En effet, la seconde raison qui pousse les Etats, en particulier à l'intérieur de l'OTAN, à coopérer dans le domaine des armements correspond à la plus forte interopérabilité souhaitée des matériels. Comme la grande diversité des industries militaires en Europe conduit à la multiplicité des équipements en présence, des forces censément « intégrées » se retrouvent donc avec des systèmes différents qui handicapent grandement l'efficacité opérationnelle des combattants. On avait d'ailleurs pu le constater lors des manoeuvres franco-allemandes de 1987 « Moineau hardi » qui avaient mobilisé 75.000 hommes. Ce problème est de plus en plus crucial aujourd'hui avec la mise en place de nombreuses forces multinationales, que ce soit l'Eurocorps ou la Force de Réaction Rapide en Bosnie-Herzégovine.

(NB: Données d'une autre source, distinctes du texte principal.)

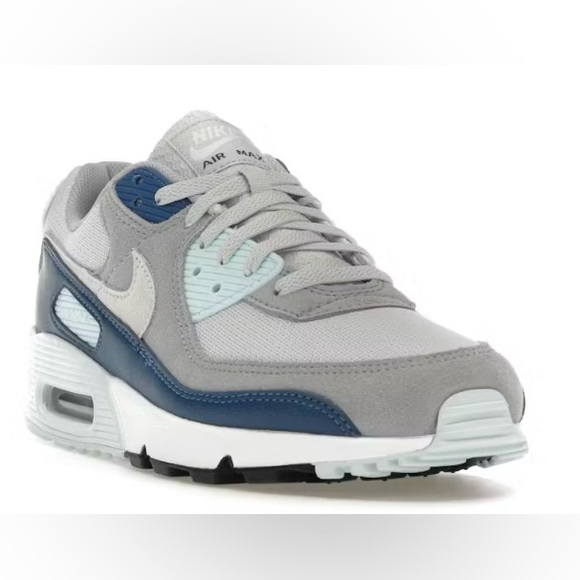 Nike Air Max 90 Glacier Blue. Blue and Gray Sneakers. main image 8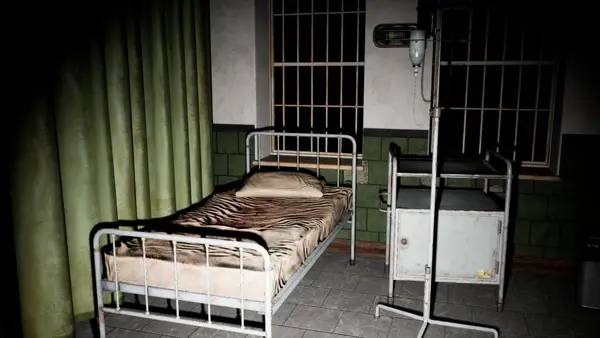 Кадр с взаимодействием персонажа и объекта в Code Dread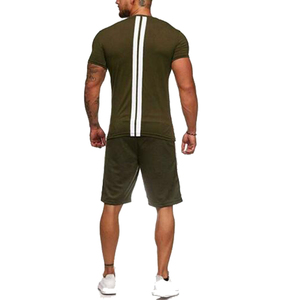 Conjunto Deportivo Unisex de Verano, Corte Regular, para Adultos, Diseño Estampado con Apliques, Opción de Talla Grande, Camiseta de Manga Corta, Pantalones Cortos con Cintura Elástica - Product Image 3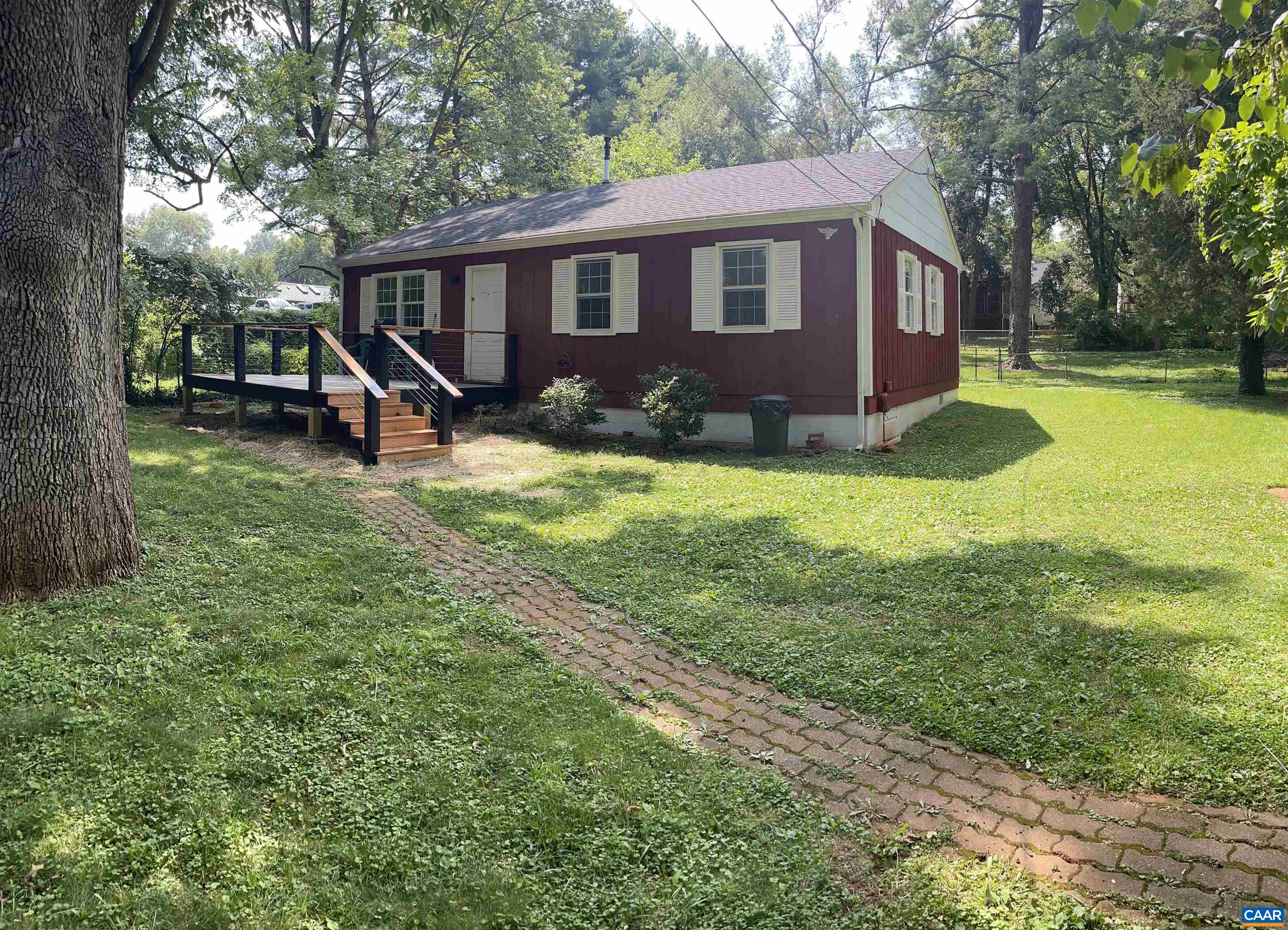 a view of a yard in front of house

De même, le principe de base du Tigre, c'est-à-dire la création à partir d'un module de base comprenant 80 % des équipements de l'appareil - fuselage, moteurs, avionique - plusieurs sortes d'hélicoptères, permet la mise en place d'une réelle interopérabilité. A l'intérieur de ceux-ci se trouve déjà un poste radio commun au standard Saturn, en attendant le système de cartographie que Sextant et Dornier sont en train de mettre au point. De plus, cette interopérabilité ne se limite pas aux situations de combat mais aussi aux questions de maintenance et d'entraînement : le choix du Tigre par les principaux pays européens aurait permis la constitution de stocks de pièces détachées communs, la formation des personnels de maintenance et des équipages dans un même lieu - une école est prévue en France -, ainsi que l'utilisation de simulateurs quasiment semblables. Enfin, il a été décidé que les contre-mesures actives seraient communes au Tigre et au NH-90 fabriqué en coopération par la France, l'Allemagne, les Pays- Bas et l'Italie.

Il faut enfin rappeler que l'OTAN, et a fortiori les pays européens, ne disposent pas de système d'identification ami/ennemi (IFF, Identification Friend/Foe) interopérable en service, qui permettrait au tireur de savoir que sa cible est réellement un ennemi et empêcherait les missiles de se diriger vers les engins reconnus comme alliés. « Il en résulte que, si nous devions entrer en guerre demain ou l'année prochaine ou même l'année suivante, il nous faudra inévitablement finir par abattre un certain nombre de nos propres avions », commentait en 1988 George Younger, ministre britannique de la Défense (52). Ce pronostic s'est d'ailleurs révélé exact lors de la guerre du Golfe, avec en particulier l'attaque de blindés de la Garde saoudienne par les Apache américains. Et si l'OTAN n'a pas fait de progrès depuis, le missile antichar du Tigre dispose d'un système qui l'empêche de se pointer sur des véhicules amis, grâce à la reconnaissance de leurs principales caractéristiques.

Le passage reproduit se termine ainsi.